Providence Christian product Chase Paramore finds niche as college football assistant in Texas
There are surely times as Chase Paramore drives up and down I-35 in his 2003 pickup truck searching for another football recruit in Parts Unknown, Texas, that he must wonder if it’s all worth it.
“I’m going to have a lot of good material for a book,” Paramore said. “I’ll remember that hole in my Jeep Wrangler, in the window of my driver’s side.
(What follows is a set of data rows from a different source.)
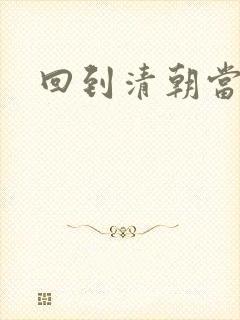 回到清朝当海盗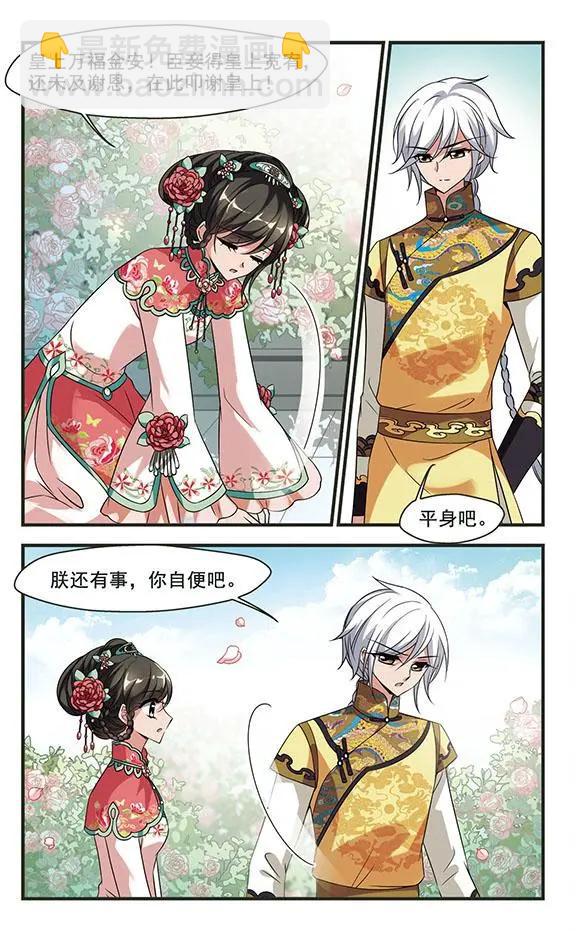第102话 改变19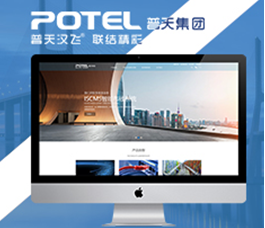 晟軒科技-天津app開發(fā)|天津app制作|天津網(wǎng)站建設(shè)|天津網(wǎng)站開發(fā)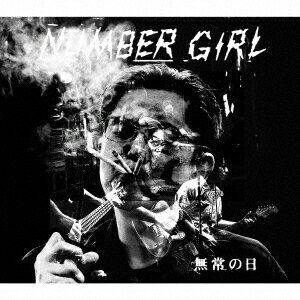 楽天ネオウィング 楽天市場店LIVE ALBUM「NUMBER GIRL 無常の日」[CD] [SHM-CD] / NUMBER GIRL
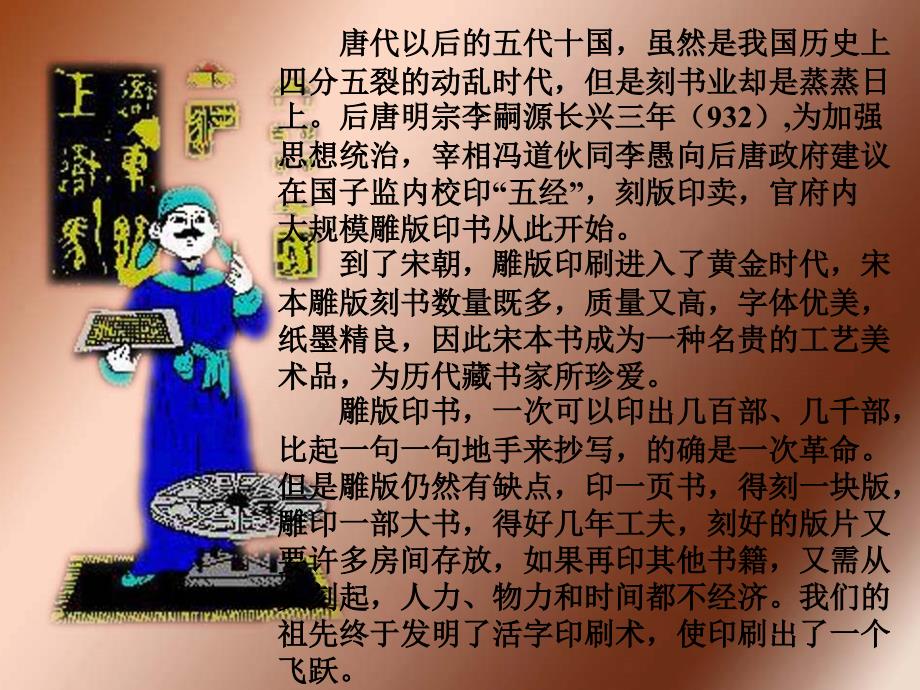 八级语文下册《活板》课件 苏教_第3页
Maybe one day it will pay off,” he added of the wear and tear of his vehicle during the many trips.
Four years into his coaching career on the NAIA level – one season at Faulkner University in Montgomery and the past three at Southwestern Assemblies of God University (SAGU) in Waxahachie, Texas – Paramore is climbing the ladder one step at a time in the college football coaching profession.
The compensation for now is relatively low and the workload extremely high as the Dothan native wears three hats as wide receivers coach, special teams coordinator and recruiting coordinator for the college located in the Dallas-Fort Worth area.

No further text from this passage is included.